PROBLEM STATEMENT: Wherever an image appears in the data, omit it and copy all the remaining text word for word.

DATA SEGMENT:
* * *
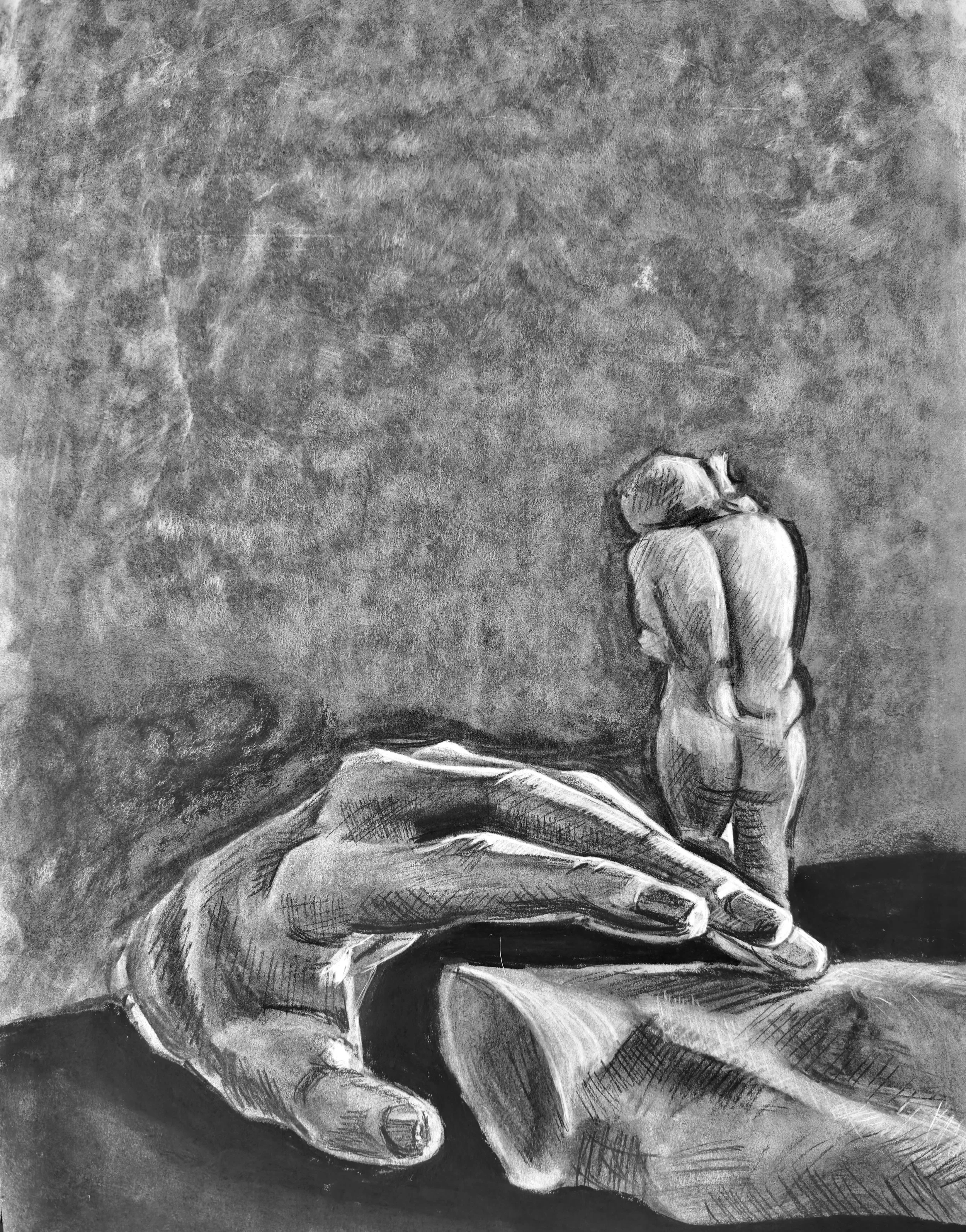 A pencil sketch of a large hand reaching out, with a smaller figure of a person standing in the background.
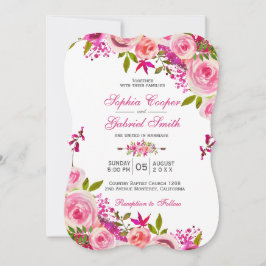 Pink Fuchsia Rose Botanische Blumenhochzeit Einladung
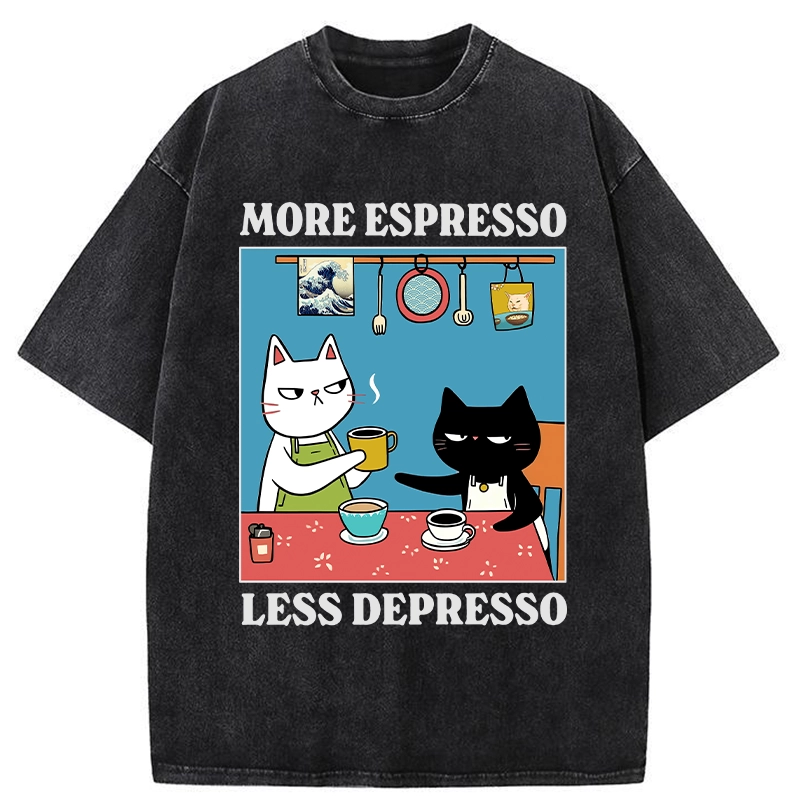 Modecanvas More Espresso Less Depresso Washed T-Shirt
* * *
RESULT OF THIS EXERCISE:
 A pencil sketch of a large hand reaching out, with a smaller figure of a person standing in the background.
 Pink Fuchsia Rose Botanische Blumenhochzeit Einladung
 Modecanvas More Espresso Less Depresso Washed T-Shirt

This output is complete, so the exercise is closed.